Private Income – Found

These days, if you google “private income” you’ll not get too many useful hits. However, the internet is jammed packed full of other modern financial terminology like passive income, FIRE, FI, earn-while-you-sleep, value investing, wealth via frugality, or by trading futures or some other commodity, leverage, stock market, mutual funds, ETFs, crypto – some of it very useful, some of it snake oil, much of it written by someone funneling us to purchase or just plain not qualified to comment on the subject from a experiential premise.

Whilst there is certainly some excellent facts out there, much of it is noise – noise that changes its pitch and tune depending on the prevailing news. I’m certain I’ve read most of it over the last 20 years …. well at any rate, it sure feels like I have!

A private income is not a single definable thing. Yes, it incorporates the concepts of true passive income, yet I hesitate to label it as just passive income as the modern meaning and application of passive income is swiftly morphing into something unwholesome that smells of get-rich-quick and no-effort-required. A private income is certainly not that, it is so much more.

The meaning of a private income is to be found in the lives, businesses, investments, causes, money habits and life views of unassuming old-money individuals. These old-money people and families rarely write blogs, publish books or give lectures about their private incomes. Why not? Because nobody is interested! At first glance, the concepts of creating a private income look utterly unsexy, mundane and plain boring – boring like the ugly rough shell of a pearl oyster, dull and dusty like the uncut opal, muddy and dirty like gold lode or inaccessible and full of sludge like an oil well. Most people will walk on by.

The fact is that private income people and the knowledge about how to create and maintain a private income are hidden in plain sight. It is likely to remain that way too because most people are not willing to shuck the oyster to harvest the pearl – they just want to buy the pearl for money they earned at a job.

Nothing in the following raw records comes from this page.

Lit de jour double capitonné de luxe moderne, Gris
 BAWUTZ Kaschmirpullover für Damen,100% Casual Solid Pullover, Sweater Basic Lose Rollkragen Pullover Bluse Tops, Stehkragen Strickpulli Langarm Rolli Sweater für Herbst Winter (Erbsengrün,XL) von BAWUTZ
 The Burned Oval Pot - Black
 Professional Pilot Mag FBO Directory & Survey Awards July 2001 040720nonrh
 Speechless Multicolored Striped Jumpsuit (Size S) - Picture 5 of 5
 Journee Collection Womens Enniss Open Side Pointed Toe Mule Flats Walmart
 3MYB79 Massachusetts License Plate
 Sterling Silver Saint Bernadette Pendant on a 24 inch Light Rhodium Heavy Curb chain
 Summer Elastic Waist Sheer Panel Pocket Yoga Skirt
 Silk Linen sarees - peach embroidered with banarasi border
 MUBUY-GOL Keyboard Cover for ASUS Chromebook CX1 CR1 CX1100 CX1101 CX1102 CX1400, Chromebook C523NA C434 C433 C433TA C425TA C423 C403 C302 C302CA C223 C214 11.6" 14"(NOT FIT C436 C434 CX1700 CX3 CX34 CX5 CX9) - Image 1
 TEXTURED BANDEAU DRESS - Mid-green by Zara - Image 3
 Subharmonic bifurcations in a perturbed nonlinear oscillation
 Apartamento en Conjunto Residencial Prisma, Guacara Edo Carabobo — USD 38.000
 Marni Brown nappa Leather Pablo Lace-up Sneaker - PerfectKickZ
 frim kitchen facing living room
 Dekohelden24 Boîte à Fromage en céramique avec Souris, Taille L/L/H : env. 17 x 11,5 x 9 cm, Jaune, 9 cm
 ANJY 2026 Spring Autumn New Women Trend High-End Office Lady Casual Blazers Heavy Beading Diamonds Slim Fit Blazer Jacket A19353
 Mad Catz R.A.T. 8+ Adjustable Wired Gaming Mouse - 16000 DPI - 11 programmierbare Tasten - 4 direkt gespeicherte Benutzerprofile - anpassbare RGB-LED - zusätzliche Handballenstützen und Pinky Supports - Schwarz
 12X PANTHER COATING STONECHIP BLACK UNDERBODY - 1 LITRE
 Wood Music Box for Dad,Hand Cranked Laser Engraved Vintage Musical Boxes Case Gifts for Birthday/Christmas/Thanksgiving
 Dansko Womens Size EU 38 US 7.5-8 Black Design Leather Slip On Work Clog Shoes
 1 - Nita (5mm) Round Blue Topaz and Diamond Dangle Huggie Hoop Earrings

A Private Income – What We Get

In essence, a private income gives its holders the following:-

  1. A steady reliable flow of real cash from more than one source, with little to no ongoing input from us.
  2. This cash flow covers all our basic needs and living costs as a minimum.
  3. A cash flow outlives us and will continue in perpetuum and nurture future generations.
  4. The freedom to no longer have to think about where the money is coming from.
  5. Assets in the background that quietly hold or increase their value in perpetuum, whilst still creating tangible liquid profits.
  6. The freedom to spend our life in a meaningful way that improves our families and society.
  7. The freedom to purposefully follow a career, or build business, or create a product, or develop a service that directly contributes to society.
  8. The larger the cash flow from a private income, the wider its uses besides just our own needs.
  9. An environment to create a mature purposeful life, without the bulk of our time dedicated to working to pay the bills and fund our spending habits.
  10. A private income allows us the priceless commodity of personal privacy.

I discovered the actual practicalities of creating a private income later in life. Yes, if these practicalities were discovered earlier and applied at the time, my private income life would have happened sooner. However, I fully believe the benefits of a private income, even in part, are deeply meaningful and worthwhile.  That’s why I’m sharing what I know as I learn it and apply it. 

Building and having a private income is at the peak of becoming a mature adult.

Only when we cease to become reliant on a job for our basic needs in the same way a child grows to no longer rely on their parents for food, clothing and shelter.

Most will walk on by the topic of building a private income, I know that, but the information is here free for all regardless.